Bert and I spent the weekend in the caravan in Donegal. Decent weather (it wasn't freezing and it barely rained), it was a pleasant and relaxing break. The only thing was - the bed. It was too small and too soft and despite us telling Judy that she was not allowed on it or in it, each morning we found her lying between us in the bagpipes position, on her back, all four legs sticking in the air.
So it was wonderful to fall asleep in our own big beds last night. One of the best things about coming home. There is hardly a night that I go to my own bed in my own house that I don't feel glad of it. That is what comes of spending many years working in jobs where I was required to sleep on the premises.
There was the care home in Ballymoney where the clientele had intellectual disabilities. I was usually the junior staff member which meant I got to sleep in a camp bed in the office while the senior worker had a bedroom. Every time a resident left their room a panel in the office would set off an alarm, which consisted of a buzzer and a flashing red light. I was required to check this panel and ensure that the person made a safe return to their own room. It did not lead to a restful nights sleep and I'd be lying if I said that I did not resent and envy my senior getting to sleep soundly in a bed. That shift ended at eleven the next day and sometimes I was dead on my feet. Often I'd go to bed when I got home.
My next sleepover job was heaven compared to the camp bed scenario. Same sort of clientele, only this time I was the senior. A comfortable bed, a pleasant en suite room, and in three years I was only called on once.

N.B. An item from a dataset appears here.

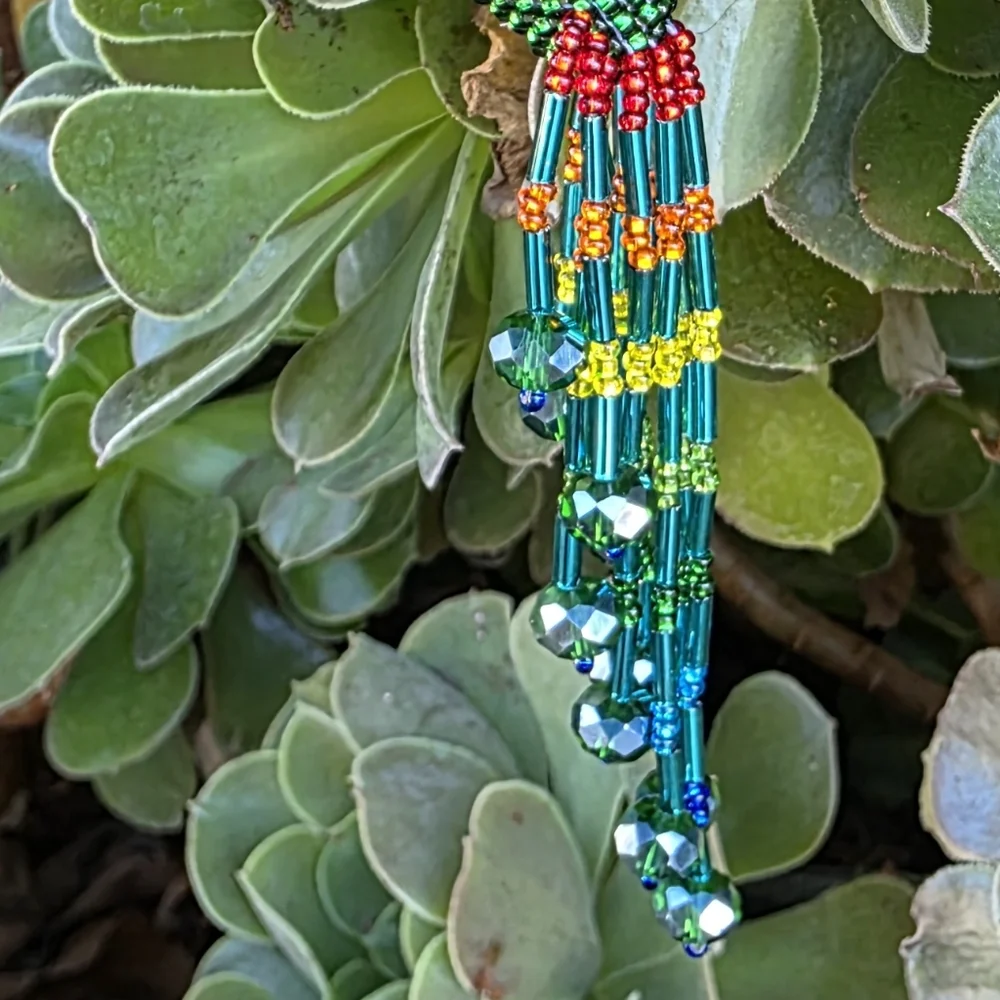 Colorful Beaded Parrot Ornament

Then I moved to the homeless sector. In the first place we had single cover. One person looking out for 12 - 15 women and children. The sleepover quarters were fairly decent. There was a phone that connected the hostel to the staff flat and there were quiet nights and crazy nights. We could also be called at anytime during the night by police or social workers to admit people. It was always a bit nerve-wracking when either of the phones went. If it was a resident you could be fairly certain that it would be something trivial. If it was the outside line you could usually be up for a few hours admitting a new resident. The staff bedroom was right at the front of the house which was on a busy street and the noise outside, especially at weekends, was horrendous. There were speeding cars, fighting, drunks singing, people trying to get into the hostel, banging windows, kicking doors, police bringing residents home, parties in the courtyard, boys being sneaked in, other boys sneaking out. I learned to blank a lot of it out. Then that hostel was closed and I was transferred to a mixed hostel on the other side of town.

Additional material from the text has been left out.